▶ PROBLEM STATEMENT
Repeat, line for line, only the span that opens at the "Lot 660 - COLLECTION" line and closes at the final line below. Skip the pictures.

Scraped caption text data
• • • • • • •

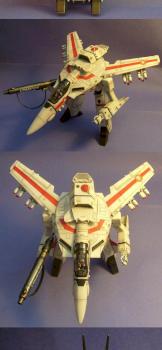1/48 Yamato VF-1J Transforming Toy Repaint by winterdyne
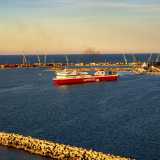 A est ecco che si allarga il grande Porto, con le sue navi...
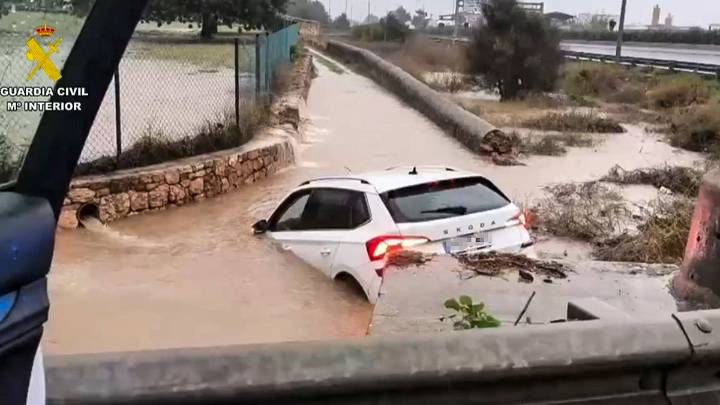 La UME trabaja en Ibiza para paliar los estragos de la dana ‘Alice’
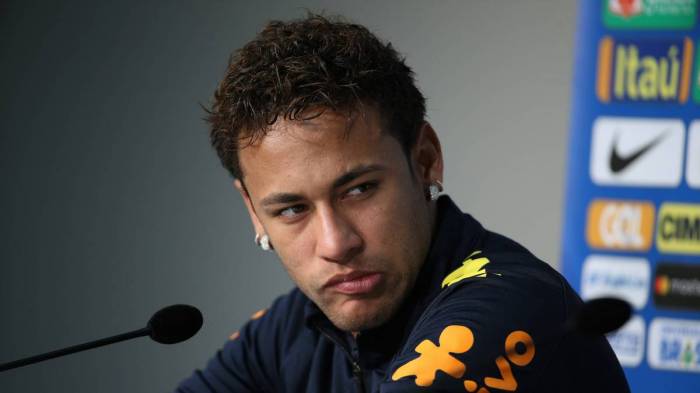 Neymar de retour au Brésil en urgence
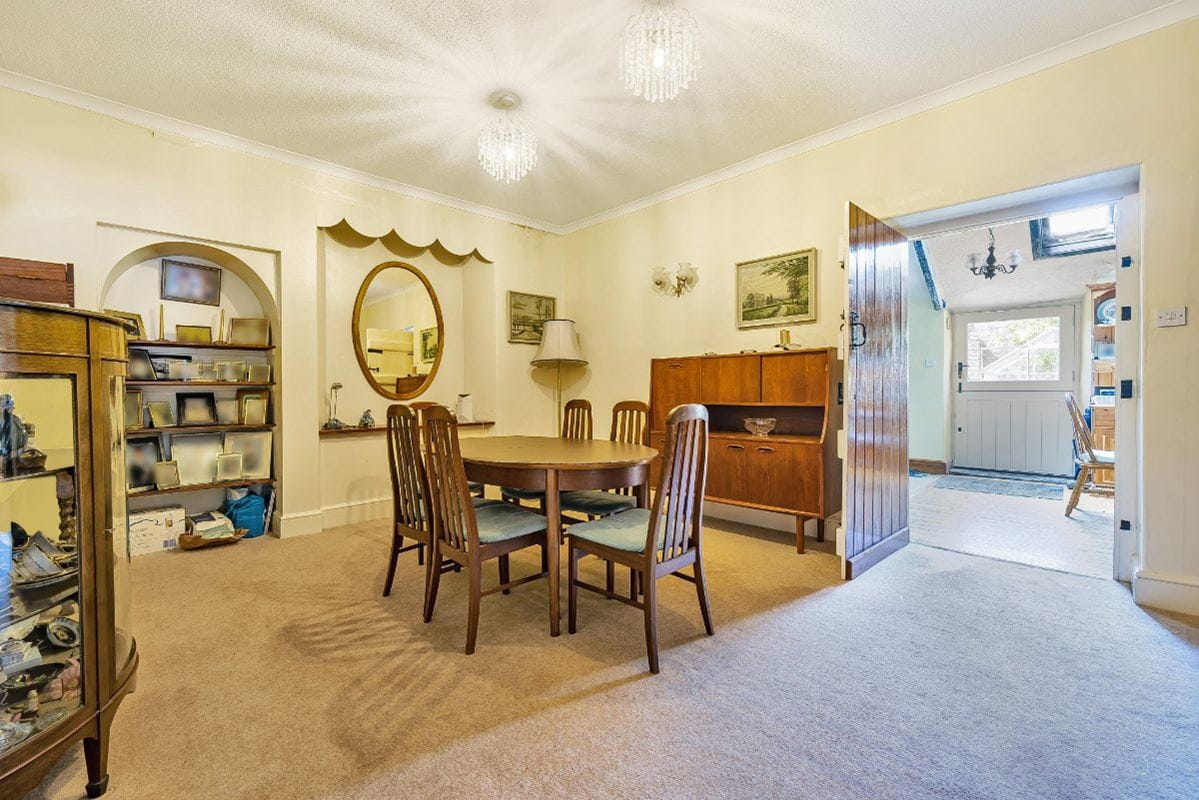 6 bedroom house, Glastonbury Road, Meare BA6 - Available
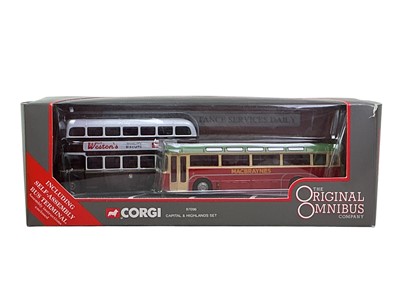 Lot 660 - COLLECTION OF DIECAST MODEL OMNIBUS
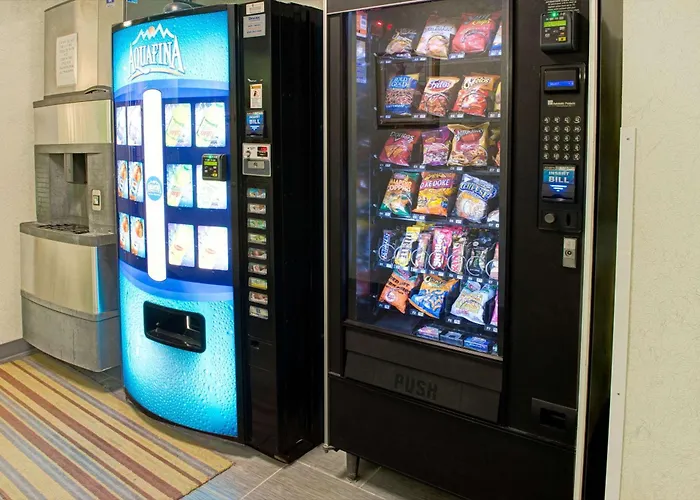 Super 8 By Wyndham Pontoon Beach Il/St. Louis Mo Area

• • • • • • •

▶ EXPECTED OUTPUT
 Lot 660 - COLLECTION OF DIECAST MODEL OMNIBUS
 Super 8 By Wyndham Pontoon Beach Il/St. Louis Mo Area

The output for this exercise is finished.